→ **GOAL OF THE EXERCISE**: The required answer is the run of lines from the one holding "example of an essay outline" to the end of the data below, copied exactly and free of pictures.

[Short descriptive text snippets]

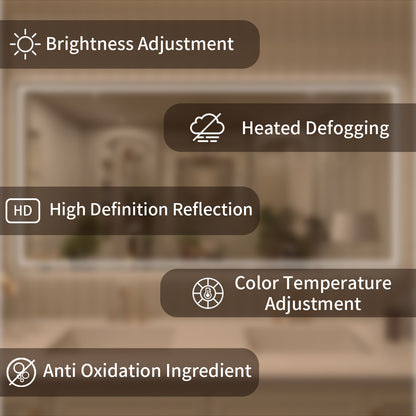TaiMei LED Bathroom Vanity Mirror Anti-Fog Brightness Adjustable High-Definition ETL Certified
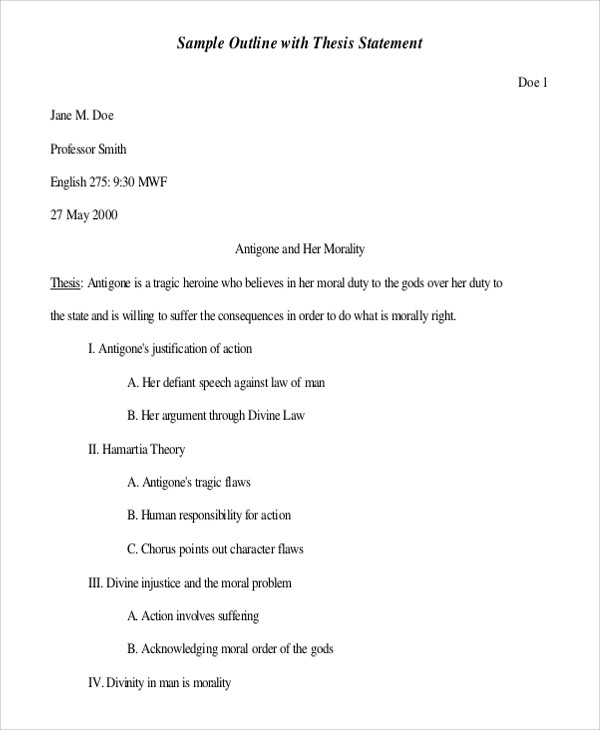 example of an essay outline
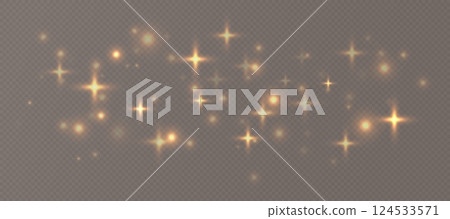 Golden sparkling stars, shiny particles light effect, transparent flying stardust texture 124533571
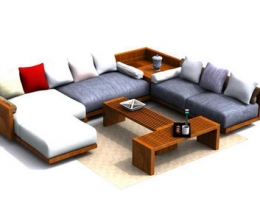 Luxurious modular sofa in living room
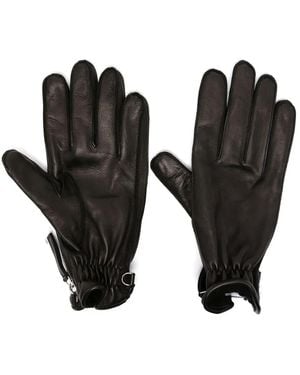 DSquared² Lederhandschuhe Mit Logo-Patch - Schwarz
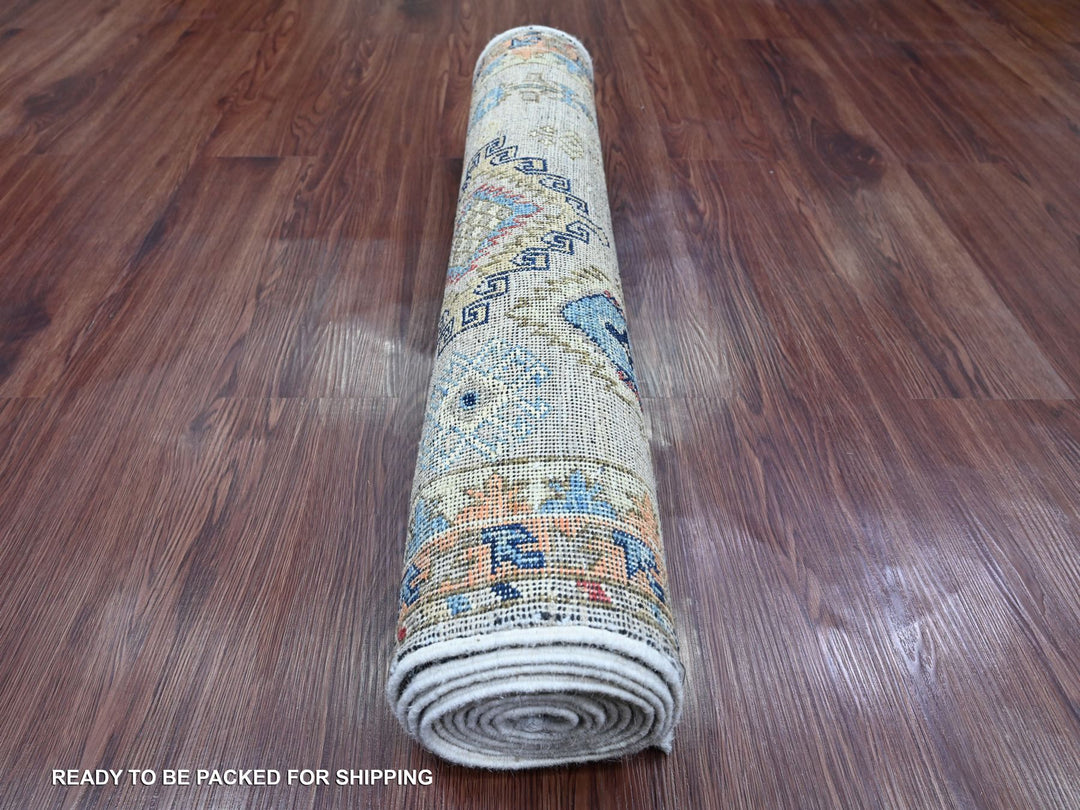 2'7" x 9'8" New Hand Knotted Ivory Wool Runner Oriental Rug - MOA10220632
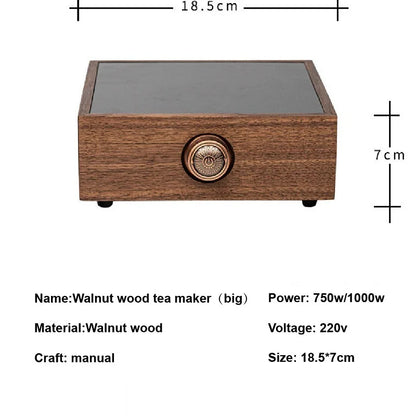 750W 1000W Electric Ceramic Stove Tea Maker Walnut Wood Tea Maker Electric Tea Stove Electric Tea Set Smart Tea Stove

→ **YOUR RESPONSE**:
 example of an essay outline
 Golden sparkling stars, shiny particles light effect, transparent flying stardust texture 124533571
 Luxurious modular sofa in living room
 DSquared² Lederhandschuhe Mit Logo-Patch - Schwarz
 2'7" x 9'8" New Hand Knotted Ivory Wool Runner Oriental Rug - MOA10220632
 750W 1000W Electric Ceramic Stove Tea Maker Walnut Wood Tea Maker Electric Tea Stove Electric Tea Set Smart Tea Stove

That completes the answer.